Эффект от прослушивания пока странный. Назидательный смысл, ради которого эти рассказы были написаны, ускользает полностью. Зато появляется какой-то незаложенный автором дополнительный комический эффект. Связан он, прежде всего, с приемами воспитания начала прошлого века, которые вызывают у Вальки недоумение и смех. Интересно, тот факт, что ситуация, когда папа Лели и Миньки раздает все их игрушки гостям или лишает на два года мороженого, для Вальки не тревожная, а абсурдная, это хорошо или плохо? Скорее всего, просто примета времени.
За месяц ежедневного прослушания растаскали истории на цитаты, как перед этим Драгунского. Но если с «Денискиными рассказами» Валька шла точно по тексту, то с «Лелей и Минькой» она играет в свой малышковый постмодерн. Теперь целыми днями у нас дома звучит:
— И вот, дети, прошло сто лет, а я до сих пор помню, как папа спрятал моего енота под диван…
Или, после бассейна:
— И вот, дети, прошёл миллион лет, а я до сих пор помню, как мне попала вода в нос.
Или, после «неудачного» похода в магазин:
— И вот, дети, прошел миллион тысяч лет, а я до сих пор помню, как мама не купила мне ожерелье с единорогом.

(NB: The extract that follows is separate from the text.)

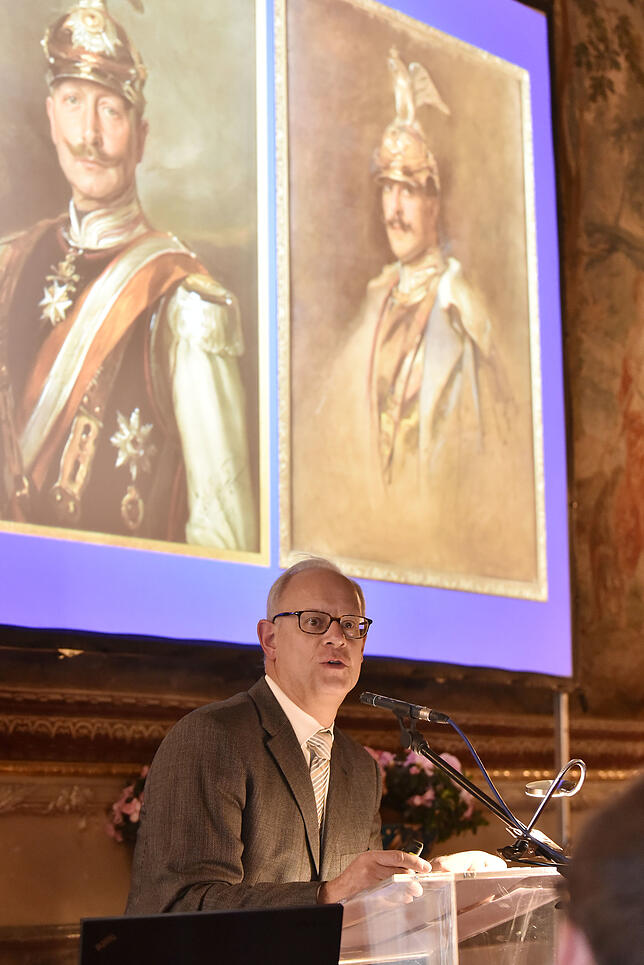 Bild 14: Buchvorstellung im Schloss: Heinrich Fürst zu Fürstenberg präsentiert das Werk über seinen Urgroßvater Max Egon II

Сегодня за обедом Валя обсуждала что-то с папой на тему «Звездных войн», а потом вдруг как подпрыгнет на стуле, так что фрикадельки из тарелки на берег повыбрасывались, как закричит:
— Я придумала! – кричит. – Придумала!!!
— Что ты придумала? – спрашиваем.
Валенсия смотрит на нас обезумевшими от восторга глазами и говорит:
— И вот дети, прошло очень много лет, а я до сих пор помню тот день, когда узнал что Дарт Вейдер – мой папа!!!... А принцесса Лея – моя сестра!!!
И я, дети, пожалуй, тоже запомню этот день.